Cette page n’a pas encore été corrigée
164

ralentis ma marche à dessein. Il gagnait du terrain sur moi et cela l’encourageait. L’empereur, qui suivait mes mouvements et m’avait cru perdu un moment, envoyait en toute hâte deux grenadiers à cheval à mon secours. Avant qu’ils fussent arrivés, et lorsque mon adversaire commençait à s’approcher d’autant plus près de moi que je faisais effort pour modérer l’ardeur de mon cheval, il fond sur moi tout-à-coup, en s’écriant : « Je te tiens ! »

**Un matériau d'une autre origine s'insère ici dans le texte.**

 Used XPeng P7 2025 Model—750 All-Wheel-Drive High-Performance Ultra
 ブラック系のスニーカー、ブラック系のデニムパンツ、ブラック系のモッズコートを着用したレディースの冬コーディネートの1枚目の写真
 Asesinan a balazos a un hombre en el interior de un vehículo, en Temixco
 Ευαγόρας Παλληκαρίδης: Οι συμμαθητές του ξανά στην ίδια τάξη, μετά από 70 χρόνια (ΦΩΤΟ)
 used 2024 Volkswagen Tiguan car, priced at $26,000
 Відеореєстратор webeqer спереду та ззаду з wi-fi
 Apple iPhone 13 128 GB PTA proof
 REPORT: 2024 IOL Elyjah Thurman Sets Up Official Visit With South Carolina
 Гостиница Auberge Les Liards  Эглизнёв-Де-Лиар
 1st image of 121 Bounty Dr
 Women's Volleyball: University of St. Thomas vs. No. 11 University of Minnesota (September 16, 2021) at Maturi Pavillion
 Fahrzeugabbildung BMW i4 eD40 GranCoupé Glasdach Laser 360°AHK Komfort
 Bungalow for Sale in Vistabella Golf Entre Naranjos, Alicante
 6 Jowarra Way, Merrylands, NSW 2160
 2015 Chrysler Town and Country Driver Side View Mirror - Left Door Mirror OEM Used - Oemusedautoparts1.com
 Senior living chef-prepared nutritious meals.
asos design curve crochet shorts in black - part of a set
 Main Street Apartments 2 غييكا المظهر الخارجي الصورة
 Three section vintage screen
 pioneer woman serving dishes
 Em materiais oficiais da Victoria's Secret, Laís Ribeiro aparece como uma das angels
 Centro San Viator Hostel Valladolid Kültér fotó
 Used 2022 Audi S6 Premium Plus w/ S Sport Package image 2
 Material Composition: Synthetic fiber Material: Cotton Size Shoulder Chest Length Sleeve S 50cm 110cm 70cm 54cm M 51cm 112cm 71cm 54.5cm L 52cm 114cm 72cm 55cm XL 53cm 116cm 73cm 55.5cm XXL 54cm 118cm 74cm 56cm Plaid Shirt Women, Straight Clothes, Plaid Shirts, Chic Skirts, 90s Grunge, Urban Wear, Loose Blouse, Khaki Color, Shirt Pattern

Son mouvement ne m’avait pas échappé. Prompt comme l’éclair, je fais un à gauche pour éviter son coup, et fonds sur lui à mon tour, répétant son mot : et moi aussi je te tiens ! En me voyant faire ce brusque demi-tour, il fléchit et veut s’effacer, mais il n’était déjà plus temps : le vin était versé, il lui fallut le boire. Il n’avait pas achevé son mouvement de retraite, que j’étais à sa gauche et lui enfonçais dans le côté la pointe de mon grand sabre. Le coup fut si violent, qu’il tomba par terre raide mort. Il fit la culbute, la tête en bas. Lâchant aussitôt mon sabre, je saisis la bride de son cheval et m’en revins, fier de ce nouveau trophée, vers mon empereur, avec les deux grenadiers qui venaient à mon secours. Je leur donnai le cheval à ramener.

— Eh bien ! grognard, dit l’empereur, je te croyais pris. Qui t’a montré à faire cette manœuvre ?

— C’est un de vos gendarmes d’élite, à la campagne de Russie.